С другой стороны, зачем ему насильно звать меня к себе в гости? Он сам предельно ясно заявил, что не хочет иметь со мной ничего общего. А вот мамины желания старается учитывать.
Сын он хороший. Мне так всегда казалось, с первой нашей встречи. Если он даже к моему отцу относится с большим уважением, чем я сама.
– А тебе не будет противно находиться со мной в одном помещении?
– Почему мне должно быть противно?
Я склонила голову. Скользнула взглядом за спину Влада. Белый снег, вереницы домов. Дети. После обеда они все-таки начали появляться на улице, несмотря на холод. И по ним так сразу не скажешь, что они страдают от чересчур пониженной температуры.

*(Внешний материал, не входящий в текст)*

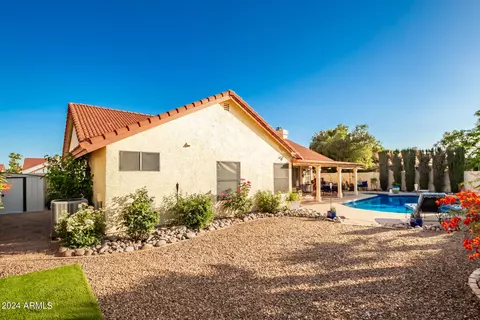 2934 E Norcroft St, Mesa, AZ 85213 photo 50
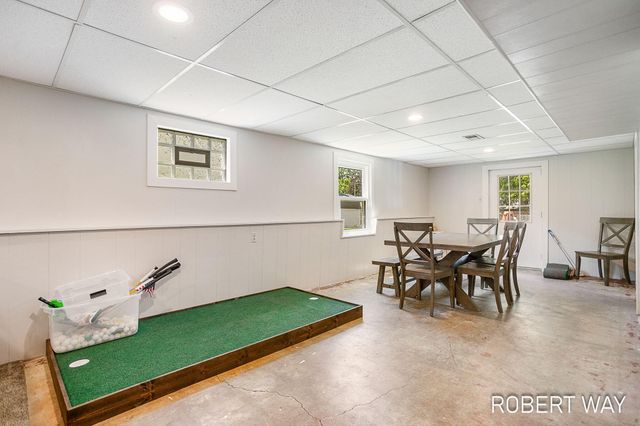 3815 Perry Avenue Sw, City Of Wyoming, MI 49519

– А подружка не будет ревновать? – все никак не могла успокоиться я.
Влад хмыкнул.
– Понял. Ты хочешь меня добить.
– Я всегда могу уйти…
– Мама будет рада, если ты останешься, – он чуть помолчал и только потом добавил: – И я.
Подул холодный ветер, я задрожала ещё сильнее. Вновь покосилась на Влада. Он неотрывно смотрел на меня. Наконец я решилась (в конце концов, нужно же мне было окончательно попрощаться с чудесной мамой Влада – уж она ни в чем не была передо мной виновата):
– Только ради Татьяны Валерьевны.
– Пусть так.
Идеально чистый подъезд, бесшумный лифт, белые лампы.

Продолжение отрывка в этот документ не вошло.